Automated testing can perform many more tests than manual testing, leading to cost savings. It allows for greatly increased test coverage, because it can test many more pages or features than manual testers can achieve. Because it's consistent and replicable, it is more accurate. The reporting, also, is consistently presented.

There are other benefits: because it's faster than manual testing, it has a faster feedback cycle to detect and resolve errors.

Importantly, it allows manual testers to focus on higher-value tasks like exploratory testing, that benefit from human creativity.

  • Cost/speed
  • Test coverage
  • Accuracy
  • Reporting

Test early, test often

We test our software - the Digital Commons platform - multiple times during a development cycle, so that errors are discovered and corrected in the development environment, before the code is deployed to a live website. "Shift left" is the practice of moving testing and evaluation early in the development process. We begin testing on our local machines, and then the majority of testing takes place on development builds. Thus we are employing both unit and integration testing.

Regression testing

Along with manual testing and specific one-off tests, we run automated regression testing on a suite of test pages, which include all of the content types and paragraph types on the platform. Once the test pages have been created, it's much faster to automatically test them than to expect a human to create each of these many combinations. This test is deployed several times throughout a development sprint.

Example of Event cards with different options

Regression testing checks whether new development in the software has changed any existing features or appearance. For example, if we are increasing the padding on an Event card, we might inadvertently affect an Article card. 

Visual regression testing captures a baseline image - the before snapshot - and then a checkpoint image after new code has been deployed. It quickly marks any changes between the before and after. If changes have occurred, we analyze the test results to determine if it's a desired change. We use an application called Applitools, which validates the test visually - any changes are marked in magenta. In one test, we discovered that a recent change to padding had hidden the column titles on mobile devices.

Example of padding error on CTA cards; text is being covered up.

Functional testing

Functional tests perform user actions, rather than capturing a static snapshot. For example, a script that performs basic actions: it logs in, creates a site page, adds content to it, publishes it, puts it in a menu, and ultimately deletes it. This script deploys automatically whenever code is pushed to the development environment. This is an example of continuous integration: The developer's changes are validated by creating a build and running automated tests against the build.

Accessibility testing

We've been increasing our accessibility testing in a number of ways. Monsido, for example, allows our users to find accessibility issues in their content. But we are also testing the platform itself during the development cycle, using the WCAG 2.2 standards. While this testing discovers possible issues with content errors, such as missing alternative text, we focus mostly on the architecture itself: structural elements, such as headings and lists, and ARIA items, which provide enhanced semantics and accessibility for web content.  We use a tool called Pope Tech for automated accessibility testing. There is some overlap, but it covers structural and ARIA items that Monsido does not. 

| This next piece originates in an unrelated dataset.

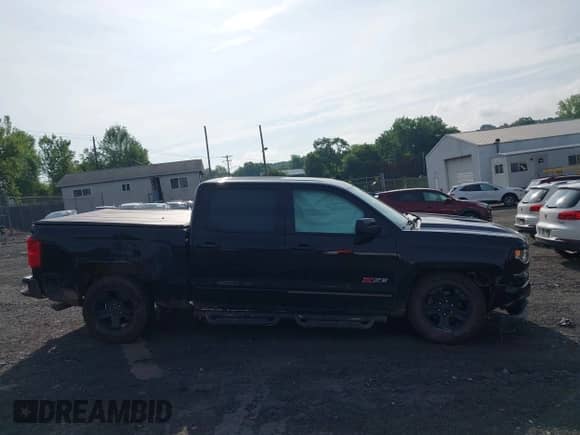 2017 Chevrolet Silverado 1500 LTZ z VIN 3GCUKSEJ0HG321648, wystawiony jako IAAI lot #42701782 z przebiegiem 143 515 mil mil oraz . Historia ofert i sprzedaży dostępna na DreamBid. Obrazek 13.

We perform accessibility testing on the same suite of test pages that we use for regression testing. Pope Tech generates detailed reports that describe the problem, the suggested solution, and where in the code the issue exists.

When an issue is uncovered, we research it to make sure it is in fact an error. If so, it's put into our development pipeline for a developer to investigate the problem and correct if needed.

This is a relatively new tool for us, and currently the tests are automatically deployed on a calendar schedule. The next steps are integrating it into our deployment pipeline, like the functional testing that is kicked off by a build, and with our JIRA workflow to create tickets automatically.